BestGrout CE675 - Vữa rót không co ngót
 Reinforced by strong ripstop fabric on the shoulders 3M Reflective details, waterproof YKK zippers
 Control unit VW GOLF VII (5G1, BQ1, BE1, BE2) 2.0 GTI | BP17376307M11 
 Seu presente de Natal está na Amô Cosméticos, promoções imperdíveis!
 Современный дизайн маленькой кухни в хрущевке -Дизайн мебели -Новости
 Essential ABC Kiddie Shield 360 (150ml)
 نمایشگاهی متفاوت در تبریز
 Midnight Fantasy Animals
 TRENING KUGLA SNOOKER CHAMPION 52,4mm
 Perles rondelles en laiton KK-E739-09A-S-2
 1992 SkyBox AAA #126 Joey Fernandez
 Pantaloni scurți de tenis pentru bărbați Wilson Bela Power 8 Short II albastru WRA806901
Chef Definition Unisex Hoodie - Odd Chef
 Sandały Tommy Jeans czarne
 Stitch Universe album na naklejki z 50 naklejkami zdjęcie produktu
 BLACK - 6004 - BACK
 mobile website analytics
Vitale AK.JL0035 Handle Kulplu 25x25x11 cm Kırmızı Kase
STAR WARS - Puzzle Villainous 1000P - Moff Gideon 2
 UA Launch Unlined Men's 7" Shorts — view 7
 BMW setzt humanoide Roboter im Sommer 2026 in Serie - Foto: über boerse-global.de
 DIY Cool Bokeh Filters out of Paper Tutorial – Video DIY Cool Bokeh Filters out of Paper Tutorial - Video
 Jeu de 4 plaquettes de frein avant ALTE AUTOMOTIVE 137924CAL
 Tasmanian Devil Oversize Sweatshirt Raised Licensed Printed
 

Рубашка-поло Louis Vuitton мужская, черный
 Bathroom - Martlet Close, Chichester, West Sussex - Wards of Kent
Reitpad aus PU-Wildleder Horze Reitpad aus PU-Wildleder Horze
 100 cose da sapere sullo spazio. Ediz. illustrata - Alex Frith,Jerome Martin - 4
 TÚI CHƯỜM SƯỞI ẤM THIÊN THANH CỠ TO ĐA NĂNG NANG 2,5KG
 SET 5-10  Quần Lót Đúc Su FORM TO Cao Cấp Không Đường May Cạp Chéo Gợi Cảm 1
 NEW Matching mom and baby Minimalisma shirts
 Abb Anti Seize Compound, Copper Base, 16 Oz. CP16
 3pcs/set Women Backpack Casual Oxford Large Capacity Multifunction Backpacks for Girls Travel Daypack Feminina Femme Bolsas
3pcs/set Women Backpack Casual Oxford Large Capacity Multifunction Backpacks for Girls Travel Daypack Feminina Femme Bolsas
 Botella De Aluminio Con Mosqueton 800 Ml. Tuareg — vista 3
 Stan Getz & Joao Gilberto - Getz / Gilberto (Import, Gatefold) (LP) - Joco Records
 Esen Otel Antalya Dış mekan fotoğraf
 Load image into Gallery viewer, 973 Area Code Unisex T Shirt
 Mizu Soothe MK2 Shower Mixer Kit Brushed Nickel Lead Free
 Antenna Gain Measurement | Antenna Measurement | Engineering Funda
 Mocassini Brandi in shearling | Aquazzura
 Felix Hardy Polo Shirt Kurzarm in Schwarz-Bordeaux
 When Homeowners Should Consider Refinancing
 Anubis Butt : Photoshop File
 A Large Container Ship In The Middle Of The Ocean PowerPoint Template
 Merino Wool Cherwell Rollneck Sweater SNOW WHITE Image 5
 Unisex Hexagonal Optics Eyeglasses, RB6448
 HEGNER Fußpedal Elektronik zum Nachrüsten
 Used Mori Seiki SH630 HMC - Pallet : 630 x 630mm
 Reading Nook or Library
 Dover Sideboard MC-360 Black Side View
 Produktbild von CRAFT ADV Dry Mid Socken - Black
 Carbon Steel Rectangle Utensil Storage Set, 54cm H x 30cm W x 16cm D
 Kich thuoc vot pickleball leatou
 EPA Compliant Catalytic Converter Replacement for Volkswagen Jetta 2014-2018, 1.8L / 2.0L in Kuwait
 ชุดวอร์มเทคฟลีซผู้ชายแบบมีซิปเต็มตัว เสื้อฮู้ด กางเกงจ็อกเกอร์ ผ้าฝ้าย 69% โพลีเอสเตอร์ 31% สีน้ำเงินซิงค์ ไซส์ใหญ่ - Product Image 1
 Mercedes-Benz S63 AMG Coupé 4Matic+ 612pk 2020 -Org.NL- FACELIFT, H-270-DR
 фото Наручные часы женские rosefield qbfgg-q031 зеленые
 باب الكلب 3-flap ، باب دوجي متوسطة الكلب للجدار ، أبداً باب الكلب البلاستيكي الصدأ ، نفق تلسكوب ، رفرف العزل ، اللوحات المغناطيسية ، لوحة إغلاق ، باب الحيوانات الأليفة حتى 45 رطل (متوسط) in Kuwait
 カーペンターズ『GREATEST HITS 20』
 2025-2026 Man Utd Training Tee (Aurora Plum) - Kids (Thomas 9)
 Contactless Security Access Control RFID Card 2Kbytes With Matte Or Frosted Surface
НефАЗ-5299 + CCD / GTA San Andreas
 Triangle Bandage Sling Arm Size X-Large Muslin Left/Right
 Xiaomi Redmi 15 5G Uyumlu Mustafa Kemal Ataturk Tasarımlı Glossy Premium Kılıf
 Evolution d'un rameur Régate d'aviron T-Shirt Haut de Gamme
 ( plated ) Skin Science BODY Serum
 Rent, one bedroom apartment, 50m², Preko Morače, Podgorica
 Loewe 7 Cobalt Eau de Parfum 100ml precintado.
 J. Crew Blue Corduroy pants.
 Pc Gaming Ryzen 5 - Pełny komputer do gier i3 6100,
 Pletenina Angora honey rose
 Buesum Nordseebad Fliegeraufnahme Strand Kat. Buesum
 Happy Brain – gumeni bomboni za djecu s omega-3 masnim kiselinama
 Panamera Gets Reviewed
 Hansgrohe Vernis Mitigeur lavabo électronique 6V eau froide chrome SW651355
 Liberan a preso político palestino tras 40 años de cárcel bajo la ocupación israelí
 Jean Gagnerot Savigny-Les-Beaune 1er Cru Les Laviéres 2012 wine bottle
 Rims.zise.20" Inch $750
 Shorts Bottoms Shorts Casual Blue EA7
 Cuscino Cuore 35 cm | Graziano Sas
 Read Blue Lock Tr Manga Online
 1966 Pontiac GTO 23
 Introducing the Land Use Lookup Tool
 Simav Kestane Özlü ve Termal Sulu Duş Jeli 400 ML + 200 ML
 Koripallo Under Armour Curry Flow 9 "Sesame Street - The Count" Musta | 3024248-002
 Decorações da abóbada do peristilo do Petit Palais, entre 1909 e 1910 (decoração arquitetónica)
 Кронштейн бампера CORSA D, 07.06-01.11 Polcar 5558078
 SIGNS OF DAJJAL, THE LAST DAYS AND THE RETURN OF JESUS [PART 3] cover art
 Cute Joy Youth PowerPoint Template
------------------------------
_The task_
Out of the data above, give again only the lines starting at the one holding "Dover Sideboard MC-360 Black Side View" and ending at the one holding "Contactless Security Access", unchanged.

_Exercise result_
 Dover Sideboard MC-360 Black Side View
 Produktbild von CRAFT ADV Dry Mid Socken - Black
 Carbon Steel Rectangle Utensil Storage Set, 54cm H x 30cm W x 16cm D
 Kich thuoc vot pickleball leatou
 EPA Compliant Catalytic Converter Replacement for Volkswagen Jetta 2014-2018, 1.8L / 2.0L in Kuwait
 ชุดวอร์มเทคฟลีซผู้ชายแบบมีซิปเต็มตัว เสื้อฮู้ด กางเกงจ็อกเกอร์ ผ้าฝ้าย 69% โพลีเอสเตอร์ 31% สีน้ำเงินซิงค์ ไซส์ใหญ่ - Product Image 1
 Mercedes-Benz S63 AMG Coupé 4Matic+ 612pk 2020 -Org.NL- FACELIFT, H-270-DR
 фото Наручные часы женские rosefield qbfgg-q031 зеленые
 باب الكلب 3-flap ، باب دوجي متوسطة الكلب للجدار ، أبداً باب الكلب البلاستيكي الصدأ ، نفق تلسكوب ، رفرف العزل ، اللوحات المغناطيسية ، لوحة إغلاق ، باب الحيوانات الأليفة حتى 45 رطل (متوسط) in Kuwait
 カーペンターズ『GREATEST HITS 20』
 2025-2026 Man Utd Training Tee (Aurora Plum) - Kids (Thomas 9)
 Contactless Security Access Control RFID Card 2Kbytes With Matte Or Frosted Surface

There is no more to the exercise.